Puppets will be popping up in some unexpected places as part of a number of new features included in Ripon Theatre Festival’s expanded programme.

Organisers have added a series of pop-up mini events throughout Ripon, working with shops, cafés and city attractions to bring puppet shows and storytelling to unusual and intimate surroundings.

This includes Puppets for Breakfast at Wetherspoon’s Unicorn Hotel, a suitcase puppet show The Hare and the Moon in the Cabmen’s shelter in the Market Place and the GreenHouse shop on North Street, and Beached, an immersive puppet show at Ripon Cathedral, where performers and audience members wear headphones for the experience.

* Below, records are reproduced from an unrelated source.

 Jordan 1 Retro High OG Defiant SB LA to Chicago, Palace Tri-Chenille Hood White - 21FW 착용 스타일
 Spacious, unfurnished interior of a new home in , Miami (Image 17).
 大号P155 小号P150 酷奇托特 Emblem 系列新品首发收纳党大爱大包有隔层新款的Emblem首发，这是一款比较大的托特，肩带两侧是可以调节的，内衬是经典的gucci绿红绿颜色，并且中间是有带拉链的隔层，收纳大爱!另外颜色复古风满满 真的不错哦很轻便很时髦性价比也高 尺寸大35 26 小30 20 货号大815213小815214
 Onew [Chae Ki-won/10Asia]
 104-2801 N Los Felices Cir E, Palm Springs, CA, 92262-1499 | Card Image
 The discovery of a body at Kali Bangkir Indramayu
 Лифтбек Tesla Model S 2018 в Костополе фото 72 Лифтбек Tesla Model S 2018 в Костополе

St Wilfrid’s Crypt in the Cathedral will see Fell-Foss Theatre’s rolling performance of The Wanderer and expert storyteller Gav Cross will bring Twisted Tales for Terrible Children to the somewhat spooky Curzon Cinema Cellar and the Courthouse Museum.

The second Ripon Theatre Festival will take place from Wednesday, June 7 to Sunday, June 11, featuring four days and five nights crammed with performances and activity.

Drama highlights include visits from up-and-coming theatre companies performing in Ripon Arts Hub, a return visit from open-air specialists Illyria with their family show Robin Hood at Fountains Abbey, and a production of Sense and Sensibility in the garden at The Old Deanery.

The festival will also be welcoming BBC Radio 4 favourite and gentle Northern activist Kate Fox, and Liz Grand with her one-woman show Where’s Mrs Christie?.

Rhubarb Theatre’s A Wonderland of Games will feature as part of the free family fun in Spa Gardens on Sunday June 11.

There are many festival events for children and families. In addition to shows at Ripon Library on Thursday and Friday , there will be street theatre, walkabout acts and pop-up performances throughout the weekend.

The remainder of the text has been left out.